The Egyptian countryside novel is a recognised literary genre, often allowing those born or living in towns and cities to rediscover their rural roots. This new example of the genre by Mohamed Ibrahim Taha is firmly rooted in the form's traditions, while also making an individual contribution to them. Taha, unlike many writers who look to the countryside for their subject-matter, is able genuinely to enter into the rural life that he describes, giving many fascinating details of the intricate patterns of life in the Egyptian countryside. However, he does not indulge excessively in this vein, having a mastery of the classical language as well as an understanding of the wider historical and psychological implications of the topic at hand.


 Min Halawet Al-Rouh (The Breath of Life), Safaa Abdel-Moneim, Cairo: Ruaa Novels and Stories, 2001. pp176 Literary works written in colloquial Arabic, with the exception of poetry, are few and far between, and Safaa Abdel-Moneim's new novel, written entirely in the vernacular language, thus comes as a rare treat. Through this work, Abdel-Moneim joins the ranks of pioneers in the use of the vernacular for literary purposes, such as Mustafa Musharrafa, Louis Awad and, to a lesser extent, Youssef Idris.
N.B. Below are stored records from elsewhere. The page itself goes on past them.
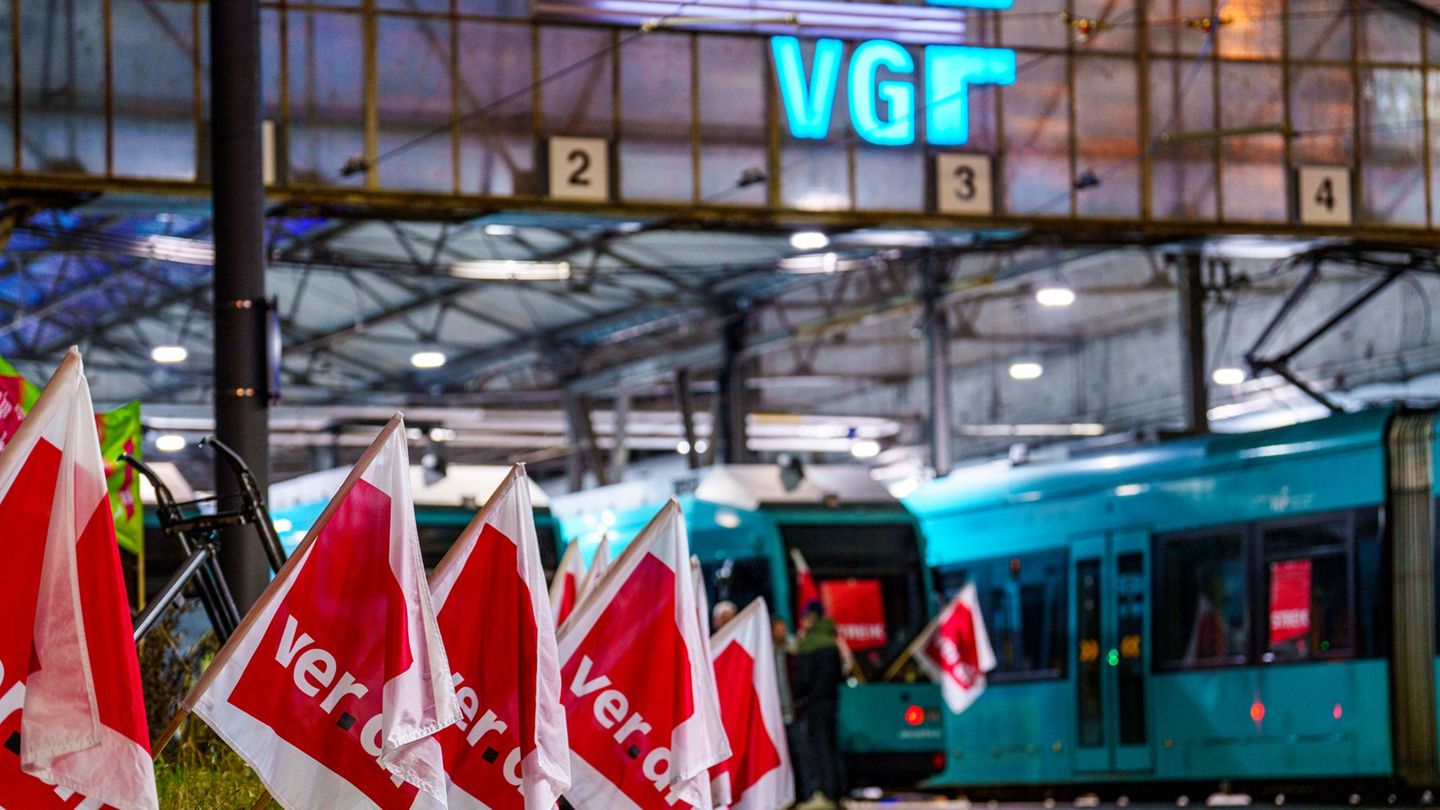 Ausfälle bei Bus und Bahn: Verdi ruft zu bundesweiten Warnstreiks im ÖPNV auf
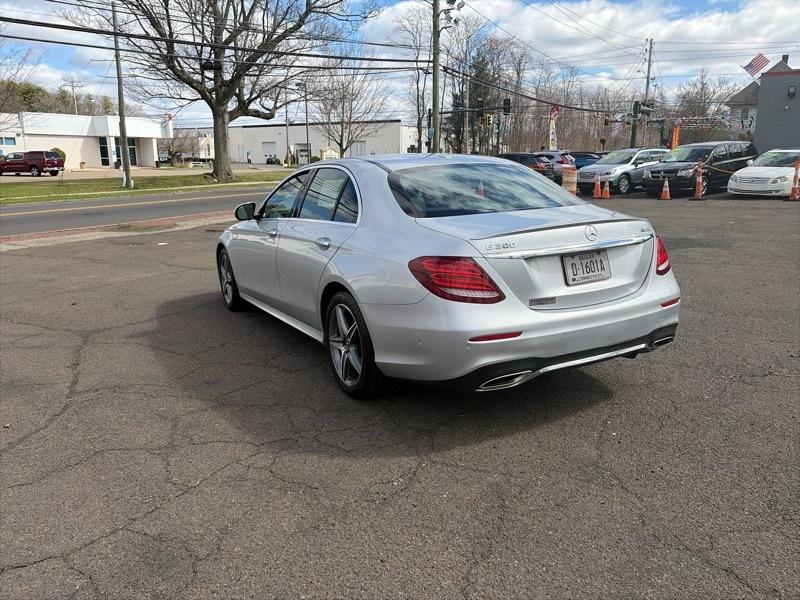 Mercedes-Benz E-Class E300 Luxury 4MATIC Sedan 2017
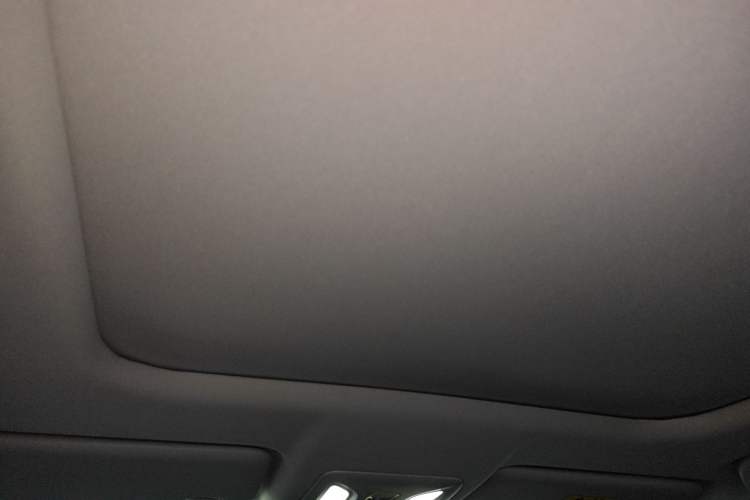 Used CHANGAN OSHAN Z6 2023 Blue Whale 1.5T DCT Smart Edition Headliner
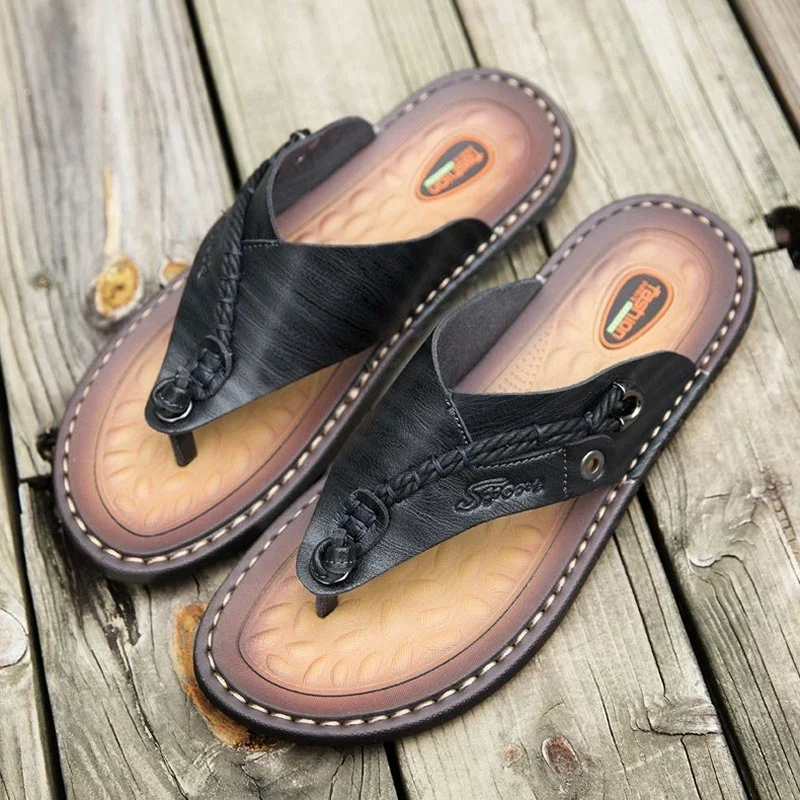 2023 New Summer Handmade Leather Slippers Trendy Fashion Men\'s Flip-flops Outdoor Breathable Comfortable Men and Simple Sandals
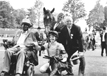 Nol u. Baddam mit Jockey Ian Morgan u. Trainer Mike Channon in Ascot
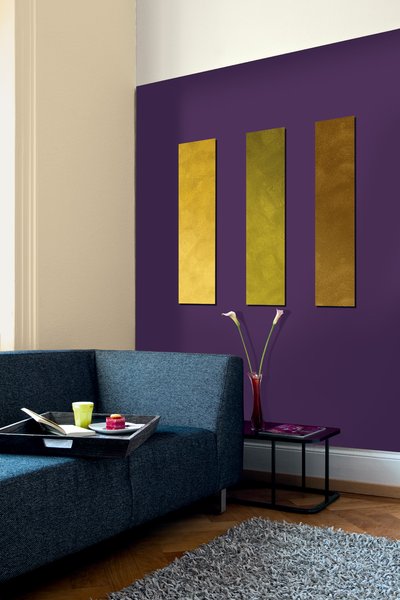 Die effektvolle goldene Wandgestaltung wurde mit Alpina Kreativ-Set Goldrausch realisiert. Die effektvolle goldene Wandgestaltung wurde mit Alpina Kreativ-Set Goldrausch realisiert.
Her advantage over these authors, however, is that she uses this language to write about the marginalised, expressing the feelings of those who otherwise seldom appear in literature. This is perhaps the true significance of this impressive novel, for in it the novelist has managed to use the vernacular to express the minute vicissitudes of life in a contemporary shanty town, vicissitudes that can perhaps only truly be expressed in the language in which they take place.